Records to process =
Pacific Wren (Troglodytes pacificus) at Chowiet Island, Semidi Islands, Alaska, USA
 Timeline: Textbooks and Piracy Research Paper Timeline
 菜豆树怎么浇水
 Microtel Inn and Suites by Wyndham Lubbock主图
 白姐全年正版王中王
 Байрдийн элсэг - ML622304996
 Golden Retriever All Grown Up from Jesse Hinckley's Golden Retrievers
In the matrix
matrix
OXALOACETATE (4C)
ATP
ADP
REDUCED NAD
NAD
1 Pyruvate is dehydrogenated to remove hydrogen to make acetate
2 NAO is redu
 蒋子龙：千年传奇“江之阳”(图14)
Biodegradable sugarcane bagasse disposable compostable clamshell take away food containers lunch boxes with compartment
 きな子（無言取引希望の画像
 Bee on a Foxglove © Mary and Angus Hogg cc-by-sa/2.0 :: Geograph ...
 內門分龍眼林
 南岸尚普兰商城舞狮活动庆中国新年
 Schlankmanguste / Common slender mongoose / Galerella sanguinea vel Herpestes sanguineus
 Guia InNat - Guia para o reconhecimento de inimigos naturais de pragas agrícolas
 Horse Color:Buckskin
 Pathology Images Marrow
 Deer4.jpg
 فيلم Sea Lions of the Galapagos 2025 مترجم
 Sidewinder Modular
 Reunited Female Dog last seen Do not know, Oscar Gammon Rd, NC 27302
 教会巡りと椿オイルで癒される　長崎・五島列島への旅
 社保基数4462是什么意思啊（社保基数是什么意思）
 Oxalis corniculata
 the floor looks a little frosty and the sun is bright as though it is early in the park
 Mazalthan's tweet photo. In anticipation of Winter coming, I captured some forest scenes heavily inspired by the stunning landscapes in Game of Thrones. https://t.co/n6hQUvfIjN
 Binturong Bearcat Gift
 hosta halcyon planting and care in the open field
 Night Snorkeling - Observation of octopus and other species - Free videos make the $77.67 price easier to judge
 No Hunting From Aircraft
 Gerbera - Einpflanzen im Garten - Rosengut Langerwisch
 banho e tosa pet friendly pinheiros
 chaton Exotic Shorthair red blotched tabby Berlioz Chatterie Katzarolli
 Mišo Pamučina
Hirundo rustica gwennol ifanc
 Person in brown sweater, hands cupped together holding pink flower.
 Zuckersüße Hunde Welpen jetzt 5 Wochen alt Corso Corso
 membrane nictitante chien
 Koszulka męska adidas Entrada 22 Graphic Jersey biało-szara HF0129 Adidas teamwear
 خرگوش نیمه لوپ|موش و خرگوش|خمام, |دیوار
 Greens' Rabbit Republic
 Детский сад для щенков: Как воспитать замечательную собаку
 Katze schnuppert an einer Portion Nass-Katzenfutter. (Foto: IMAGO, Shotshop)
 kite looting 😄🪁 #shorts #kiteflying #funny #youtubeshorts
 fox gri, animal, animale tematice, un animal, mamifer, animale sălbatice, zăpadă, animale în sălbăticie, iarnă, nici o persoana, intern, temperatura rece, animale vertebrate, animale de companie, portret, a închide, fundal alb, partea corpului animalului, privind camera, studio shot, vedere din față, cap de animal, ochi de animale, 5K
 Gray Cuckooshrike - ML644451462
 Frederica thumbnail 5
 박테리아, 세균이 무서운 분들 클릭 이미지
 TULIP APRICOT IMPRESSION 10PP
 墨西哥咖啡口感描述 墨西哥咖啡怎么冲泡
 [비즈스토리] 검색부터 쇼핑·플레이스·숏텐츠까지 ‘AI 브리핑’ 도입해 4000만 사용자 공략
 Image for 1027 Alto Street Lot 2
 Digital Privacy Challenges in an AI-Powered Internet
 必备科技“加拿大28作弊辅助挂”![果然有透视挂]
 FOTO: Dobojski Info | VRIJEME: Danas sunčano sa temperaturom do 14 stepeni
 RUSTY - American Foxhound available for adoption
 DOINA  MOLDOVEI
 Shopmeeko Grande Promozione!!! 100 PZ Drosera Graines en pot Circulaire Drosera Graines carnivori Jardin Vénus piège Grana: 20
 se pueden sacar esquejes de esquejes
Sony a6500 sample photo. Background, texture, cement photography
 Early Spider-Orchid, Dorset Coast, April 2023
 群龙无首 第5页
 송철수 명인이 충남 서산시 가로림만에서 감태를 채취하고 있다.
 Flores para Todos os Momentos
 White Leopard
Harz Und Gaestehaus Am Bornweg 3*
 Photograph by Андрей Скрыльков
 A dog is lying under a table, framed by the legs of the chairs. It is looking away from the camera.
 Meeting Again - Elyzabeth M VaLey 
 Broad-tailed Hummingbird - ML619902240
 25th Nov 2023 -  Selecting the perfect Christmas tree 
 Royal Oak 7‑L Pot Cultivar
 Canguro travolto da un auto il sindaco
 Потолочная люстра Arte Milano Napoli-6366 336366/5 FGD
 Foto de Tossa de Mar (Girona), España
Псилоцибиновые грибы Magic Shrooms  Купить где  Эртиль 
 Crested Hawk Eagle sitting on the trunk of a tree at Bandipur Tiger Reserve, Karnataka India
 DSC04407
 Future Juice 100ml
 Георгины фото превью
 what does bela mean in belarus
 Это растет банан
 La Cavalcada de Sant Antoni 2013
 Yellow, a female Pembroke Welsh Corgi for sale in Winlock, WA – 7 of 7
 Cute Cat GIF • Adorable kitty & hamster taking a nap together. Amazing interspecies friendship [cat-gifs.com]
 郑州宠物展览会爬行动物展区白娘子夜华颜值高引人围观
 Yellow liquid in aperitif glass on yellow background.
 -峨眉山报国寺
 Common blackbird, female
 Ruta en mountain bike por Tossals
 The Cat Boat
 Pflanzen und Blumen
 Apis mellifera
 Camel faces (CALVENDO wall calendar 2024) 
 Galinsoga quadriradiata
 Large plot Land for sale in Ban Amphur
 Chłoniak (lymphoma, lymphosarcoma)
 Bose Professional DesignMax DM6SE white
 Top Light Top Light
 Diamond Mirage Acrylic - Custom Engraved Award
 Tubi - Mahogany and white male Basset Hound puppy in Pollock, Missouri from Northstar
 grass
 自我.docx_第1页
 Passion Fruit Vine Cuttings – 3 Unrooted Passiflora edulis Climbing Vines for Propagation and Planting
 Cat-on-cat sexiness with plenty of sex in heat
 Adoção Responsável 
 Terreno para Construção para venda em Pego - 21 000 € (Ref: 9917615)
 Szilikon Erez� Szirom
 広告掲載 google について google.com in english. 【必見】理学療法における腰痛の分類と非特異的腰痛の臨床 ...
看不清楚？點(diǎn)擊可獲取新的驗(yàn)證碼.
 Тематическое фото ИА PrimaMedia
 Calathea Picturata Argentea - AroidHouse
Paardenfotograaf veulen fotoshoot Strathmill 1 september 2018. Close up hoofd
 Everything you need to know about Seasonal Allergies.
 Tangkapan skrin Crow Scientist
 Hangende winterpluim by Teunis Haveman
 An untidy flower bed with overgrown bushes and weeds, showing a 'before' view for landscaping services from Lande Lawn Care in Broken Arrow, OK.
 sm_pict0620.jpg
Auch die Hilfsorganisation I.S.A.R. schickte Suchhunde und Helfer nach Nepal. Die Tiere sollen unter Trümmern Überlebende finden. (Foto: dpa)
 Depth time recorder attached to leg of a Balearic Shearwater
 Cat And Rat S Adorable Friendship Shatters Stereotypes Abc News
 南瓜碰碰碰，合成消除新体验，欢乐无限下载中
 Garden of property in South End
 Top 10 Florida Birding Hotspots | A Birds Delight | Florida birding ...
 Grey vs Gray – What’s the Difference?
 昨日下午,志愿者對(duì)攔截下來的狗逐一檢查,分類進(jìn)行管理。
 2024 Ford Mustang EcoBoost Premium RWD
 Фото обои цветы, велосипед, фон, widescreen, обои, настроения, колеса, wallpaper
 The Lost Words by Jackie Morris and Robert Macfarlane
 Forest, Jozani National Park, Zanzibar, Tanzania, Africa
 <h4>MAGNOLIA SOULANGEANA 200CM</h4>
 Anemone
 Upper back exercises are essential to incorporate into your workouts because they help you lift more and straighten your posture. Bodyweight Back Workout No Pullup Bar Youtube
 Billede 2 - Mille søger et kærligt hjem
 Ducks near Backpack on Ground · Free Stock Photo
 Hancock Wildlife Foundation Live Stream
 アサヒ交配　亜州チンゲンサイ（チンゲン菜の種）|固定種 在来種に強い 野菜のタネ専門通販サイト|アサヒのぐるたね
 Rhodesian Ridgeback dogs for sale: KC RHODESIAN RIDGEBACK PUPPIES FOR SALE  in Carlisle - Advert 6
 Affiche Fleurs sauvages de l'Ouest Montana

Your goal = A verbatim transcription is needed of the lines above, starting at the line with "Greens' Rabbit Republic" and ending at the line with "kite looting 😄🪁", both included, and of nothing else.

Solution to the exercise =
 Greens' Rabbit Republic
 Детский сад для щенков: Как воспитать замечательную собаку
 Katze schnuppert an einer Portion Nass-Katzenfutter. (Foto: IMAGO, Shotshop)
 kite looting 😄🪁 #shorts #kiteflying #funny #youtubeshorts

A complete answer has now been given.